» WHAT IS NEEDED: Below are records; the lines starting at the one with "Blackstone suede sneakers taupe" and ending at the one with "Real Carbon Fiber" must be reproduced exactly, both included. Pictures must not appear.
---- DATA SHOWN
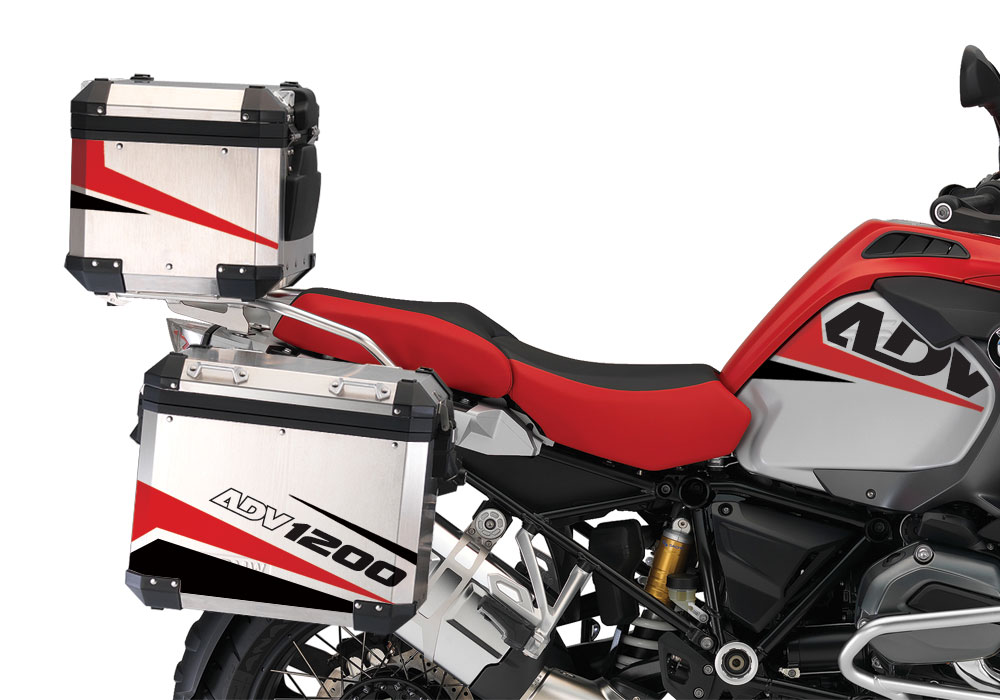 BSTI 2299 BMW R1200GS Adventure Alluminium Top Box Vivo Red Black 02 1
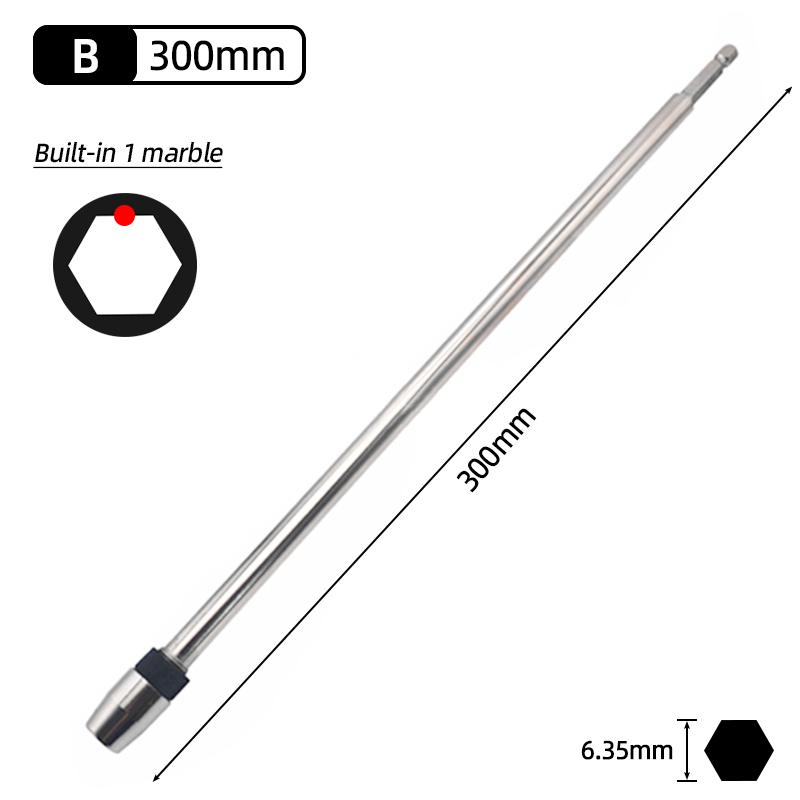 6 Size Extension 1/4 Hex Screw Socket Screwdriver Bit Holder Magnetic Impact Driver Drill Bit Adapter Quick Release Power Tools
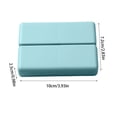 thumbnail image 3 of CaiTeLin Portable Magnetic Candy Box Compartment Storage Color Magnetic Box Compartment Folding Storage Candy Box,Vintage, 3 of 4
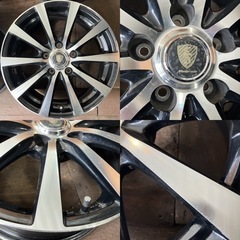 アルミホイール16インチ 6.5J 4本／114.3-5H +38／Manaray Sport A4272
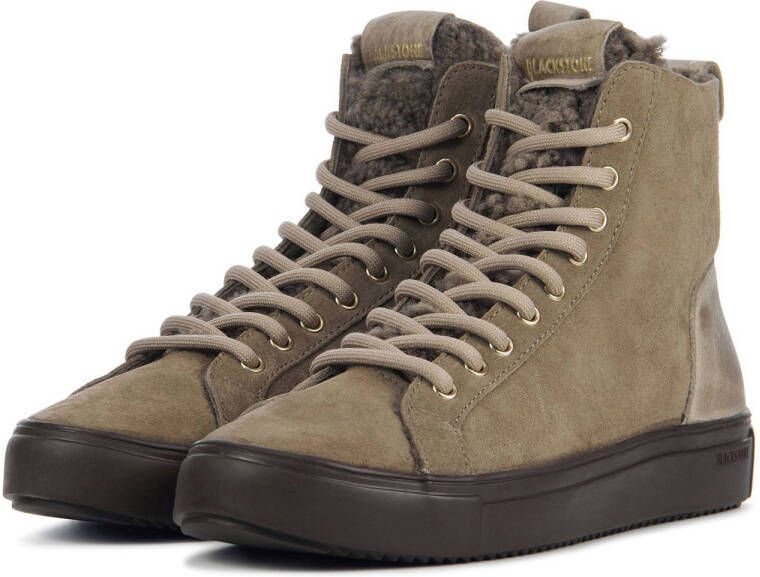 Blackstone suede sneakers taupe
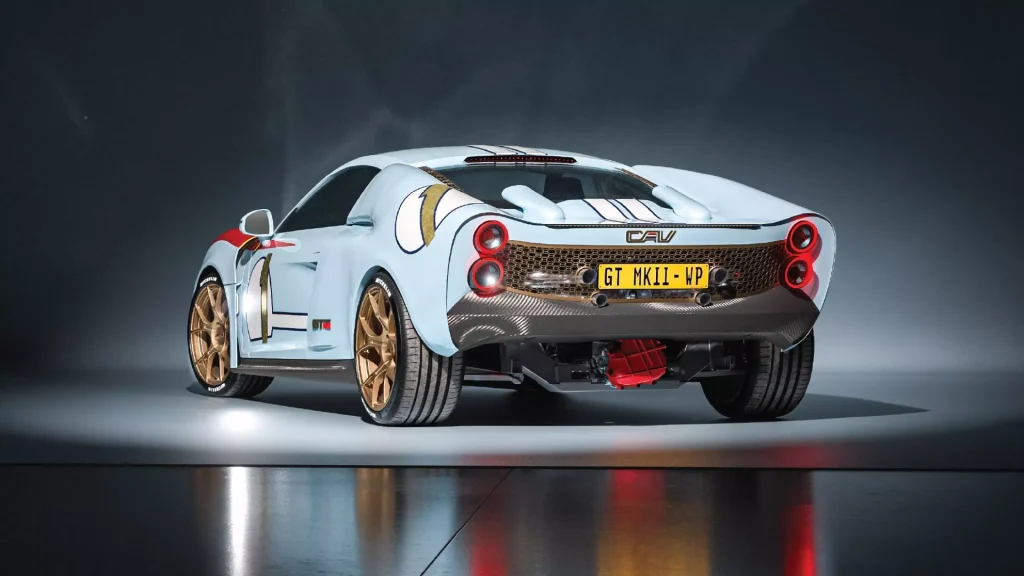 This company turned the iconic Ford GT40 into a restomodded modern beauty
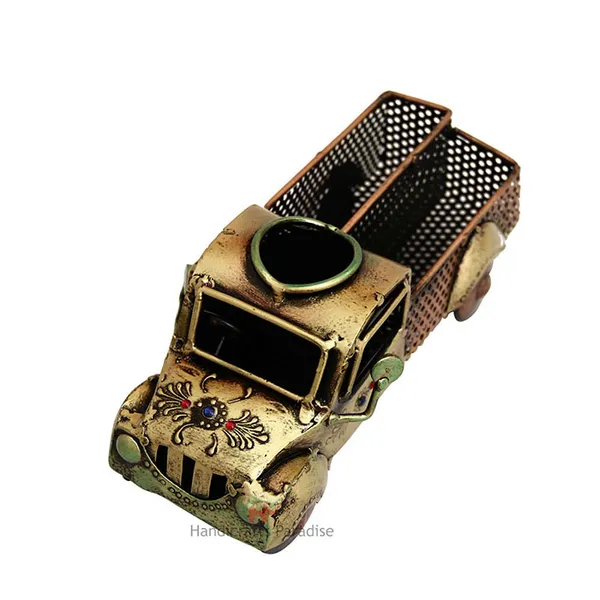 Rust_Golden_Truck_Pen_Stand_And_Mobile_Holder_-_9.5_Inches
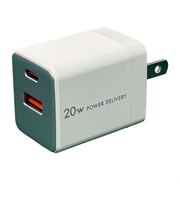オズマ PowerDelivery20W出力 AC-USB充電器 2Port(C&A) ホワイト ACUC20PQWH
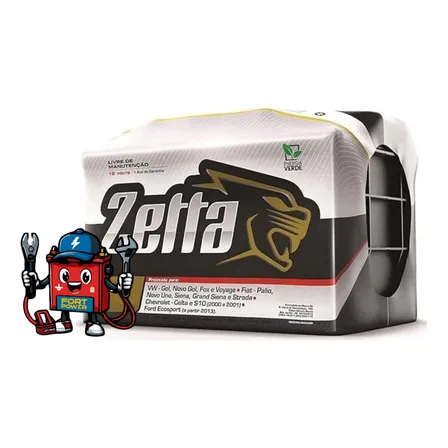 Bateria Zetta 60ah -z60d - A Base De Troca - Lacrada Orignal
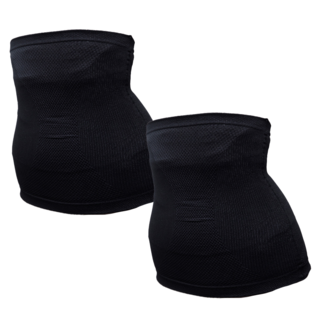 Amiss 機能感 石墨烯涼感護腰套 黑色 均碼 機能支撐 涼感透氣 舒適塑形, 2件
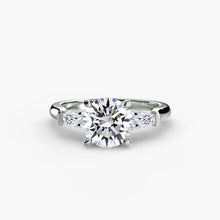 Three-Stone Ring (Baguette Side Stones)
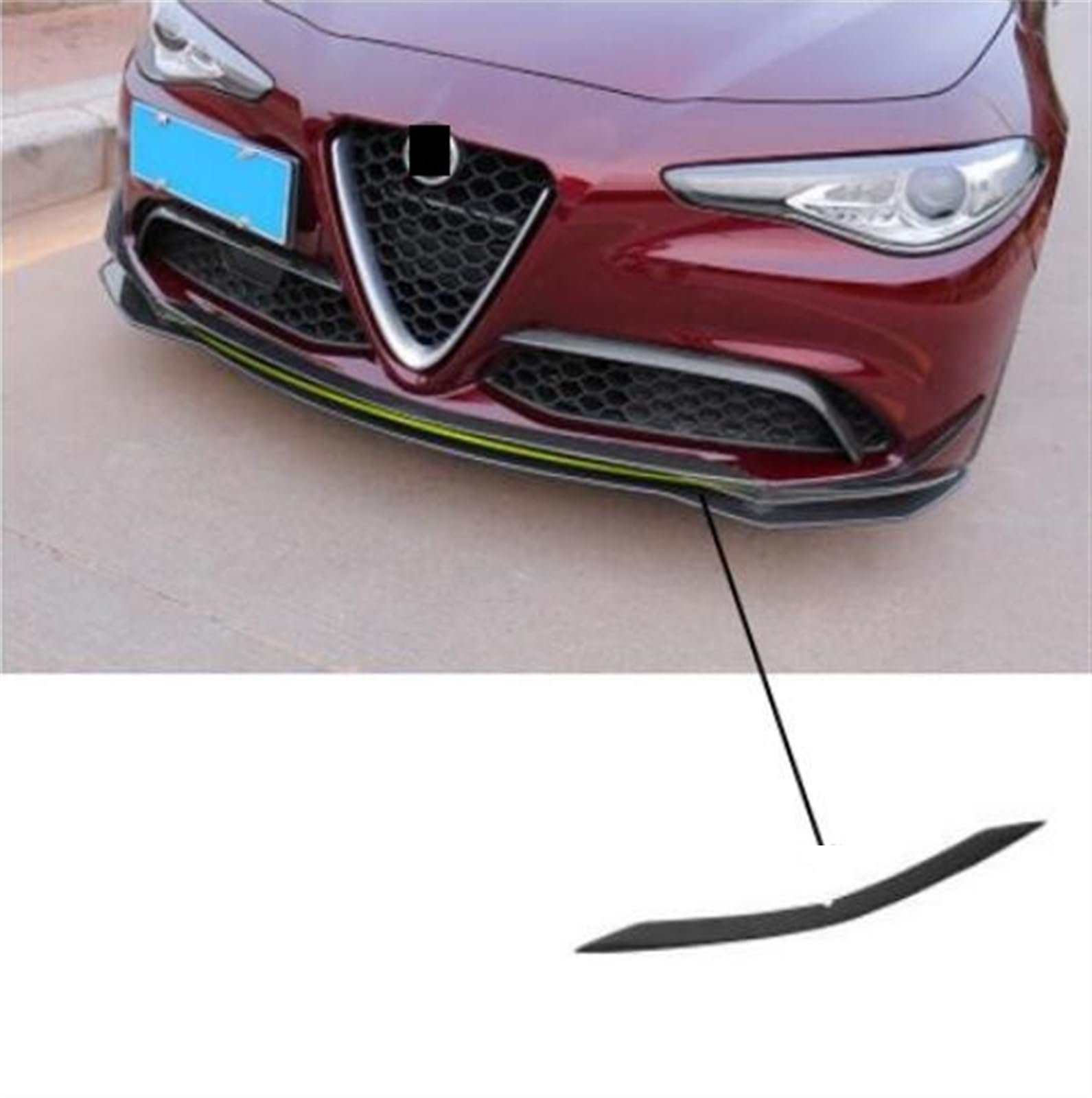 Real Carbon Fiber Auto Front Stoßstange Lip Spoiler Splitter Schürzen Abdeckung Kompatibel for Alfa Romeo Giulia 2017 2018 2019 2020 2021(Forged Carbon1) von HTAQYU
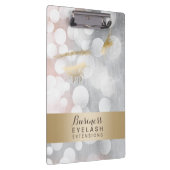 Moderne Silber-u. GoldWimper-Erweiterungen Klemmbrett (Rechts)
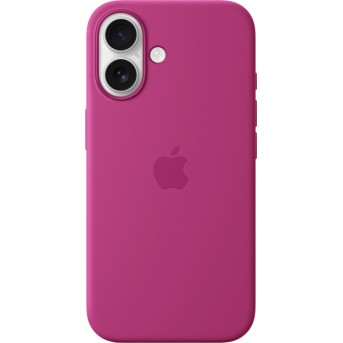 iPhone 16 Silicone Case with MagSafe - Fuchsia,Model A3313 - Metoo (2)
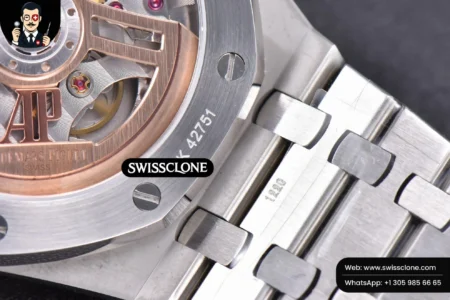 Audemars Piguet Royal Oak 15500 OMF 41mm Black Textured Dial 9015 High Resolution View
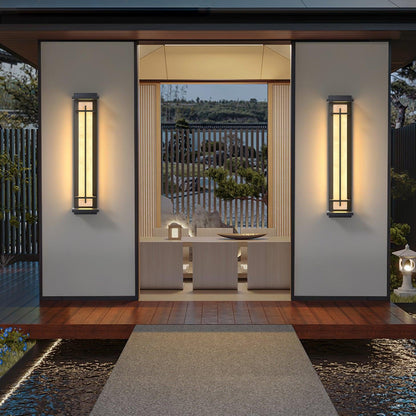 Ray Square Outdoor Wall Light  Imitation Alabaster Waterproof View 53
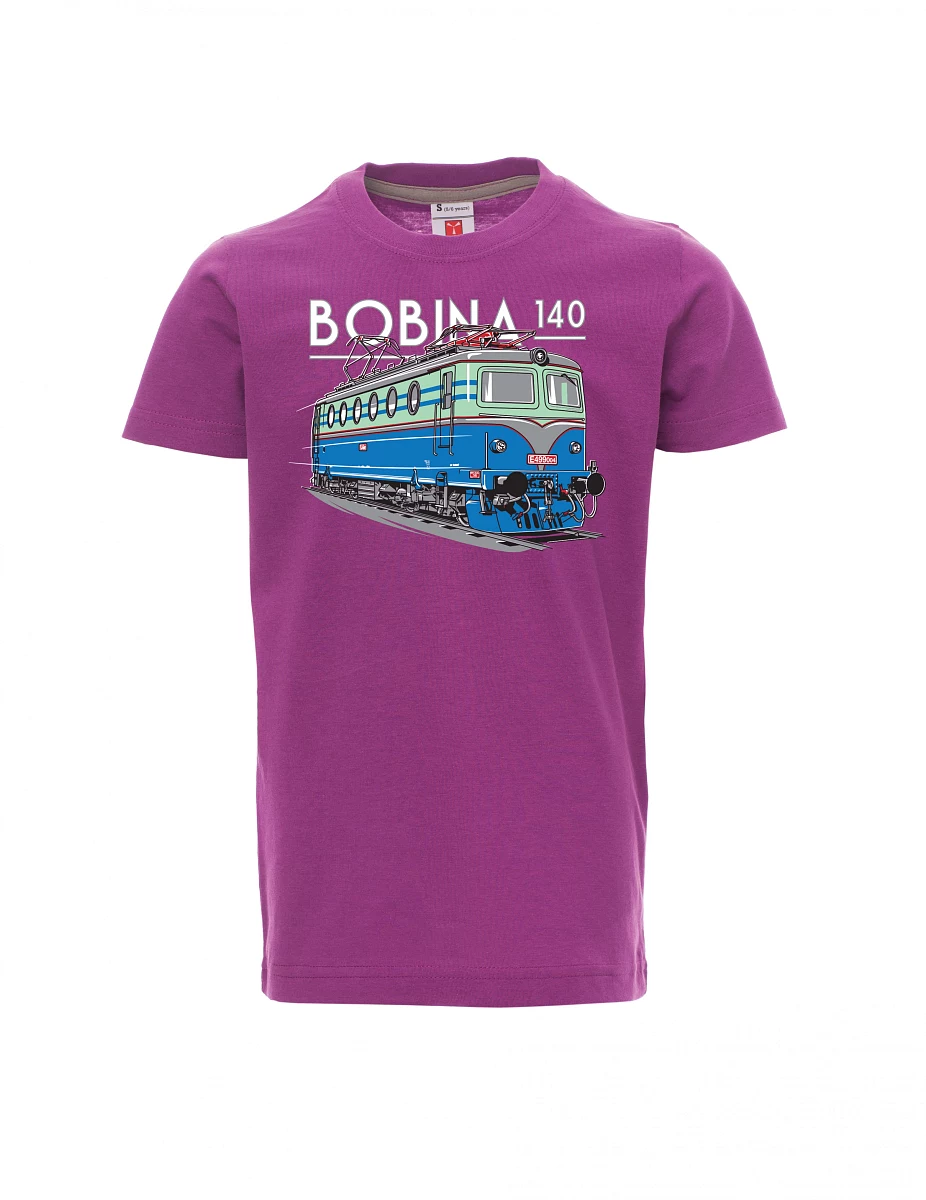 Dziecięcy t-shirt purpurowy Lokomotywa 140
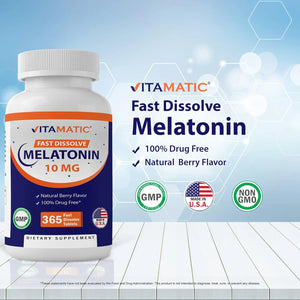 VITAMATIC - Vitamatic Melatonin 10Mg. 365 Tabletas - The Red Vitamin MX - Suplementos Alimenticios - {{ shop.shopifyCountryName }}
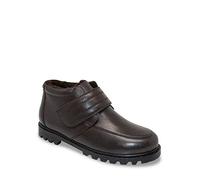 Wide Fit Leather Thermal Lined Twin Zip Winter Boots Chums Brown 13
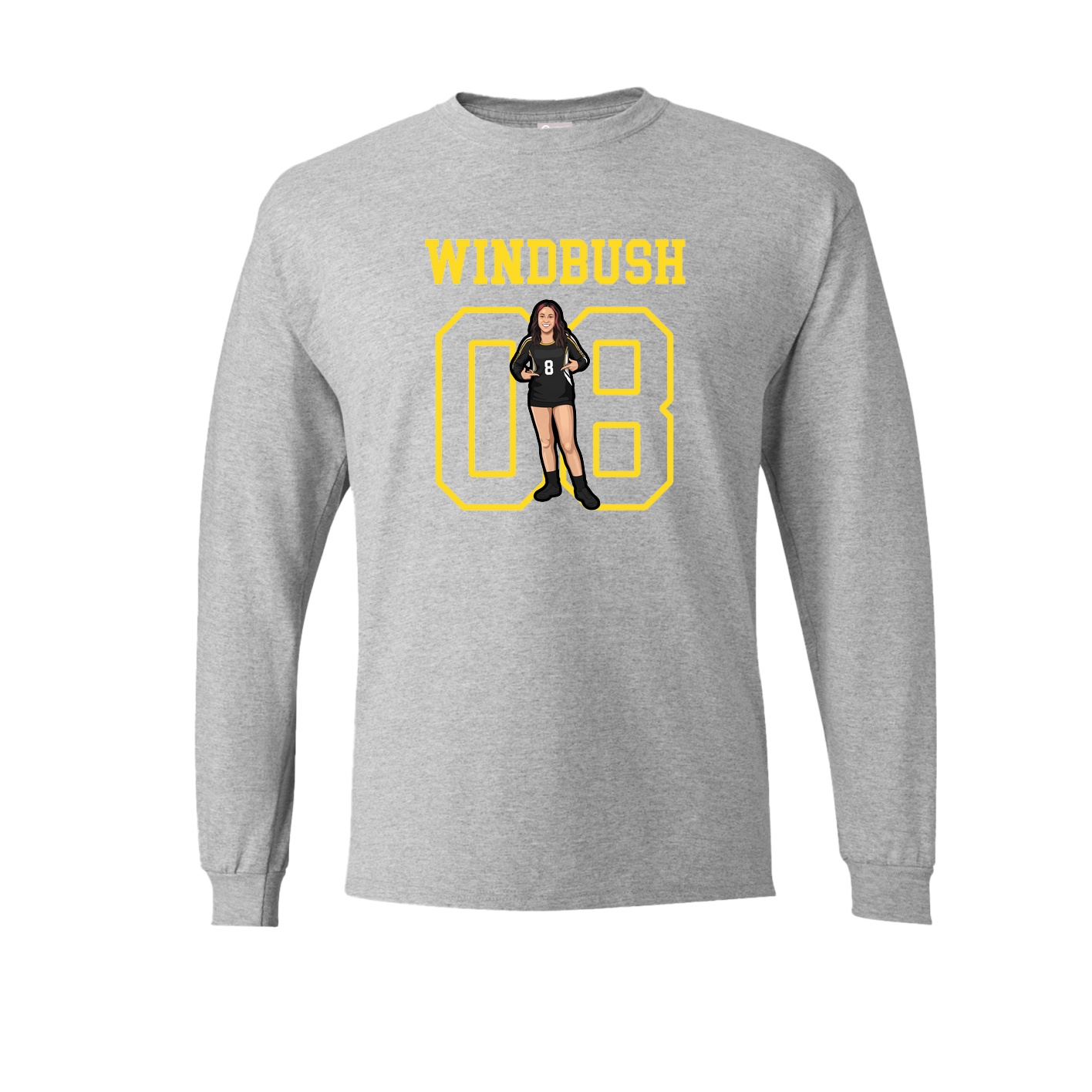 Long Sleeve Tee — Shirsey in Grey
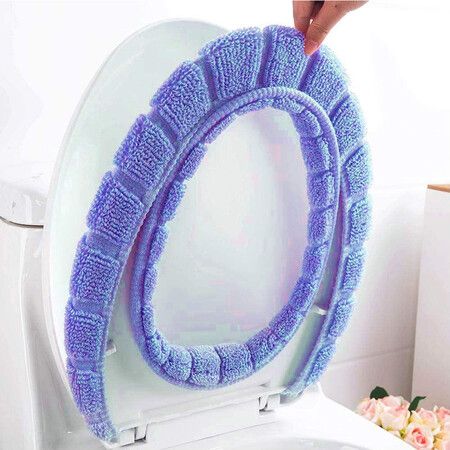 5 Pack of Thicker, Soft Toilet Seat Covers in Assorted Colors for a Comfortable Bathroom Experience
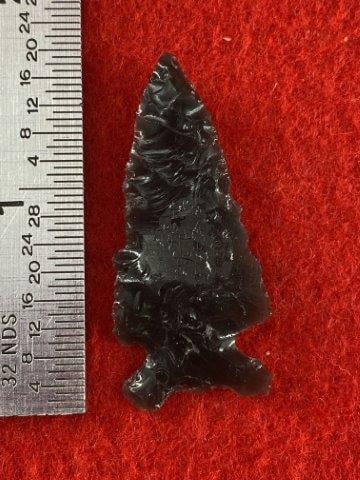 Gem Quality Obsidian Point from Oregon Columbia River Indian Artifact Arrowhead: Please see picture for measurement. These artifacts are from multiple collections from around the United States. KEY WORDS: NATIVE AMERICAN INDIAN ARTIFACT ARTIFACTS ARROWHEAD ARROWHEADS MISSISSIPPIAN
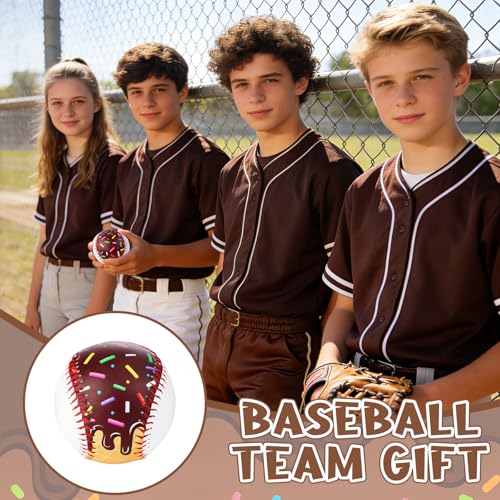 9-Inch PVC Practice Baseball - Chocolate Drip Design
--------
» YOUR RESPONSE:
 Blackstone suede sneakers taupe
 This company turned the iconic Ford GT40 into a restomodded modern beauty
 Rust_Golden_Truck_Pen_Stand_And_Mobile_Holder_-_9.5_Inches
オズマ PowerDelivery20W出力 AC-USB充電器 2Port(C&A) ホワイト ACUC20PQWH
 Bateria Zetta 60ah -z60d - A Base De Troca - Lacrada Orignal
 Amiss 機能感 石墨烯涼感護腰套 黑色 均碼 機能支撐 涼感透氣 舒適塑形, 2件
 Three-Stone Ring (Baguette Side Stones)
 Real Carbon Fiber Auto Front Stoßstange Lip Spoiler Splitter Schürzen Abdeckung Kompatibel for Alfa Romeo Giulia 2017 2018 2019 2020 2021(Forged Carbon1) von HTAQYU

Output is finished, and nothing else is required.